- _Problem details_
Using the records below, write out only the lines from the line containing "I did get a" up to and including the line containing "We're hoping that", exactly, with no pictures.

- _Material for this task_
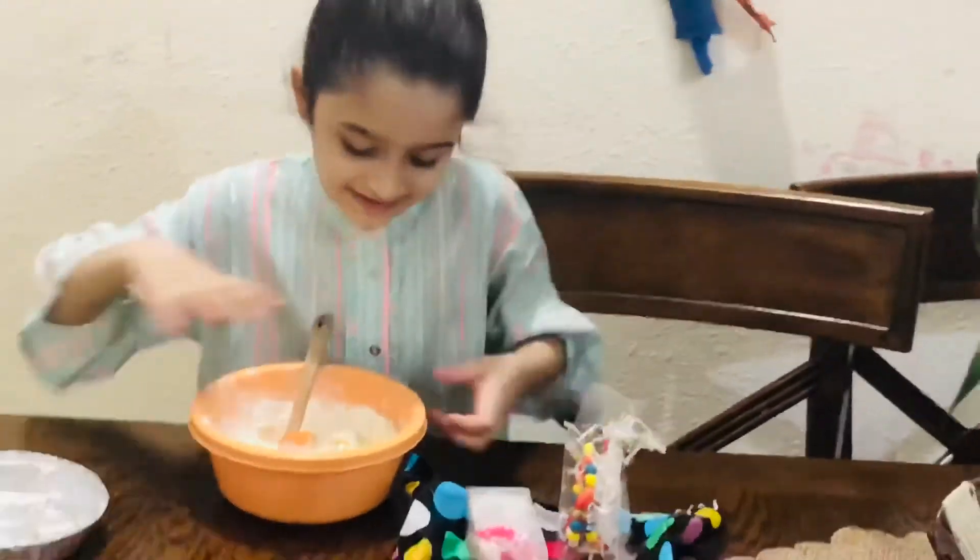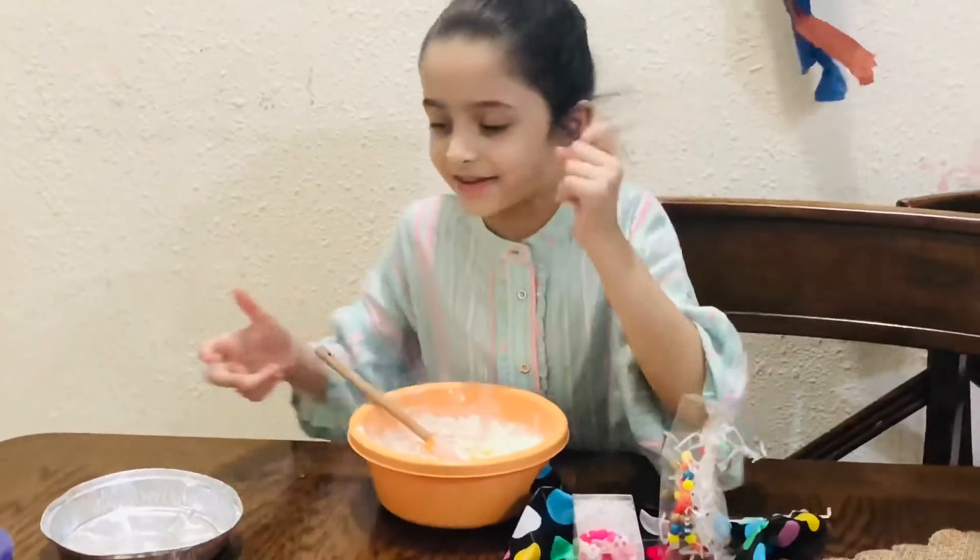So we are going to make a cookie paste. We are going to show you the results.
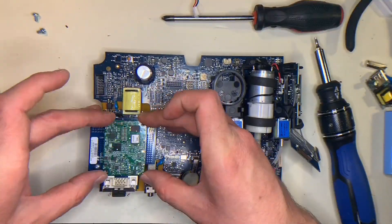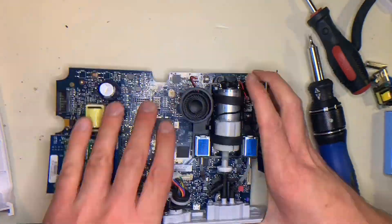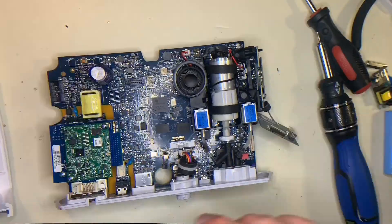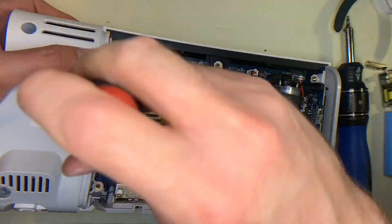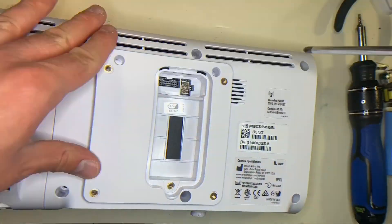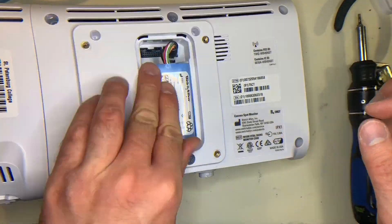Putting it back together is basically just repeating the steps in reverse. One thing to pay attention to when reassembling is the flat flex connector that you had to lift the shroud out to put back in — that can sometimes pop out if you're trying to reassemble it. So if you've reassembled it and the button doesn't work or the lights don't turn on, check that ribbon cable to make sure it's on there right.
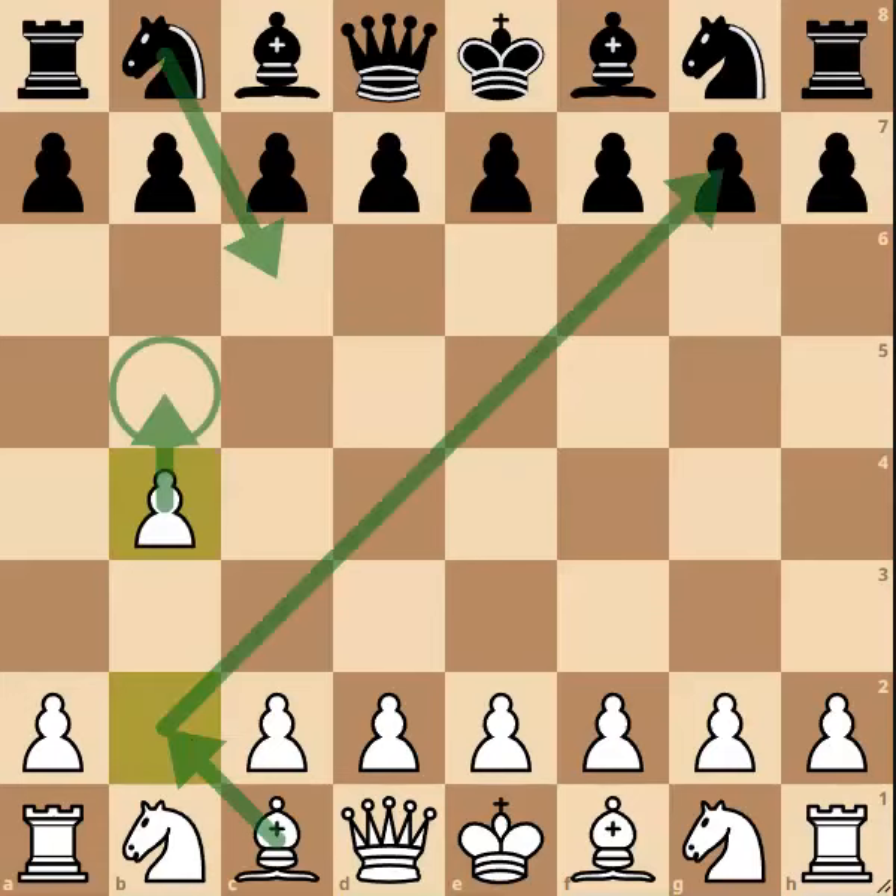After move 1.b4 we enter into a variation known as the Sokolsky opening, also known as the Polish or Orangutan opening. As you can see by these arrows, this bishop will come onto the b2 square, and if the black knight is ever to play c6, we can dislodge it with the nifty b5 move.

==

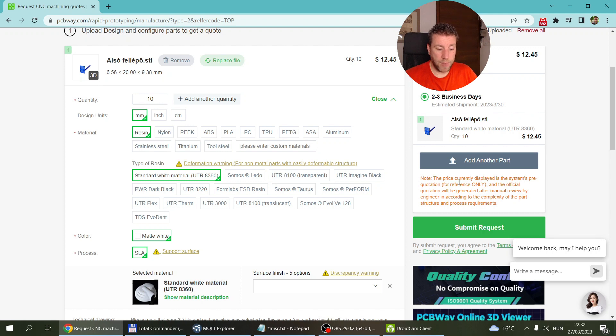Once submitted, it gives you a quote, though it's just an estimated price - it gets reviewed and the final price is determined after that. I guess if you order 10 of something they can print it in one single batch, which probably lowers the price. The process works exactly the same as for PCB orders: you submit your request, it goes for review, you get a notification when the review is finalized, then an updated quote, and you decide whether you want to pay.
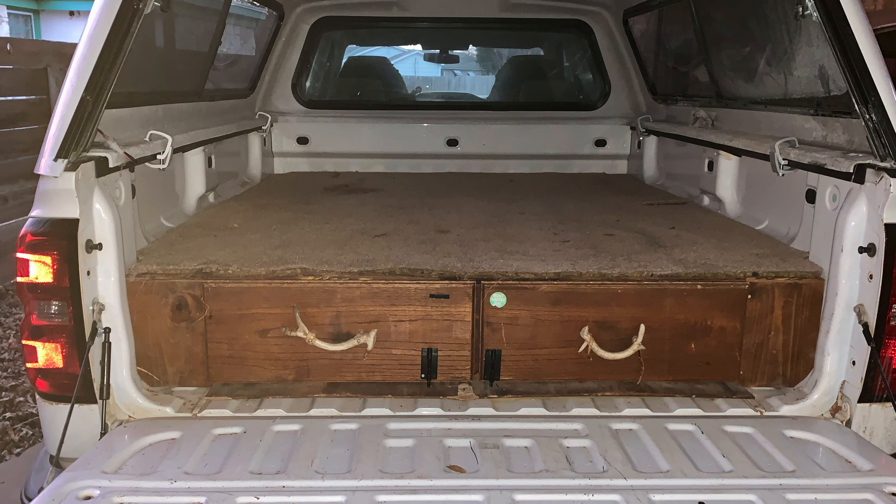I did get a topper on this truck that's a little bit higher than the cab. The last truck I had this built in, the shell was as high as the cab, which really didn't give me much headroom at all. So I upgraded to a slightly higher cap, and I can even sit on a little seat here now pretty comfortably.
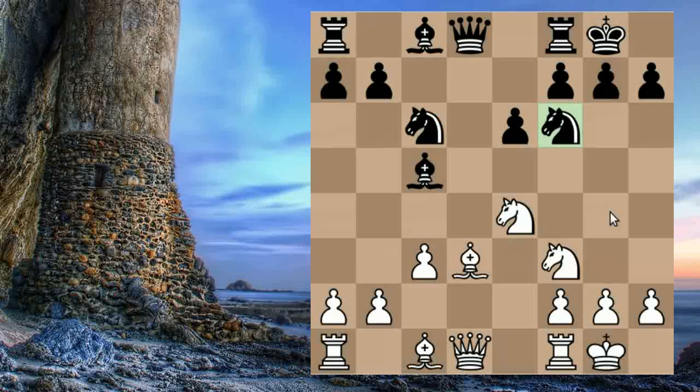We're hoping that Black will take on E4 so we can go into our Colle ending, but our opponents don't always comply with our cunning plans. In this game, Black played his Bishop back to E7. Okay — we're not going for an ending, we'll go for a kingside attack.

- _Solution to this task_
I did get a topper on this truck that's a little bit higher than the cab. The last truck I had this built in, the shell was as high as the cab, which really didn't give me much headroom at all. So I upgraded to a slightly higher cap, and I can even sit on a little seat here now pretty comfortably.
We're hoping that Black will take on E4 so we can go into our Colle ending, but our opponents don't always comply with our cunning plans. In this game, Black played his Bishop back to E7. Okay — we're not going for an ending, we'll go for a kingside attack.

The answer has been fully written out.